The first weekend in Rochester was a hot one, but altogether I was happy with how I raced, followed it up by another couple of days at the Trek CXC Cup, some results I was happy with for the start of the season. Headed to Vegas, got my first top ten at a World Cup, tired legs, but happy. Followed it up by a 12th at Jingle Cross, another solid result with tired legs, raced Sunday for a 9th place during the C1. So far I was happy with the way my season was panning out. I knew my legs would come around when it was time, they always do.
Day 1 in Thompson, CT, it was a rainy, misty, cold day in Connecticut, my favorite kind of weather (for cyclocross). The course was a mixture of techy and non-techy with some tall steps and steep run ups. I'm happy to have pedaled away with a 4th place finish, so close to the podium, but not close enough! That night both the front of my hips got the all too familiar buzzing, you know that tingly feeling when your hip flexors are so tight it feels like someone could rip them off your body. I thought a bit of stretching and foam rolling would help it go away. I awoke the next day stiff and sore. I chalked it off as a tough day in the office on Saturday, everyone had to be in the same boat. I was nearing the end of my 5 weeks on the road (1 week left) and I knew my brain was functioning at a pretty low point. I didn't survive the race that Sunday. My left leg failed me, in a big way. Everything hurt, my hip, my butt, my inner thigh, my hamstrings, my quads, everything. I pulled the plug, knowing it was a C2 and I still had 1 weekend of racing left, it just wasn't worth pushing past something that felt awful.

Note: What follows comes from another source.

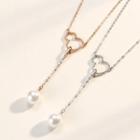 Gourd Faux Pearl Pendant Sterling Silver Necklace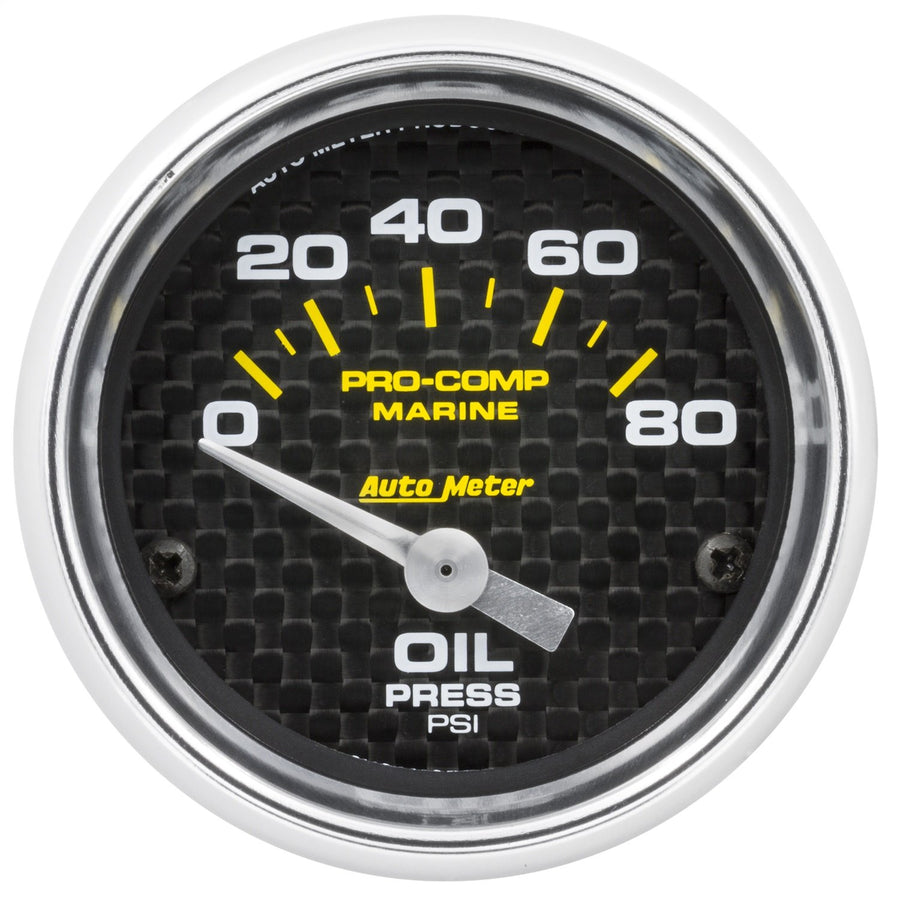 AutoMeter Oil Pressure Gauge, 2 1/16", Electric, Marine Carbon Fiber, 80Psi (200744-40),Multi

The week leading into Charm City I did everything I thought was right, massage, tons of foam rolling, stretching, took a couple days off the bike. My hips still hurt, actually they ached SO BAD. Sitting was painful, walking was painful, standing was a struggle. Flash forward Saturday at Charm City, doing pre-ride laps I could feel my left hip/leg, but I ignored it, during warm up it hurt...pretty bad. I made about 2.5 laps on course before I pulled the plug in the pits and collapsed into Chris's arms, I couldn't find the strength in my leg to hold me up. Every pedal stroke felt powerless, the burning, the cramping, in the top part of my left quad it felt like there was this balloon in there taking up all the space ready to explode. As soon as I quit the aching went into my glutes, then went up my back. It ached for the rest of the night and into the next day. I opted to sit out the C1 on Sunday, I couldn't even bare the thought of starting another race only to DNF. DNF'ing breaks you down mentally, more than crashing, more than a disappointing finish.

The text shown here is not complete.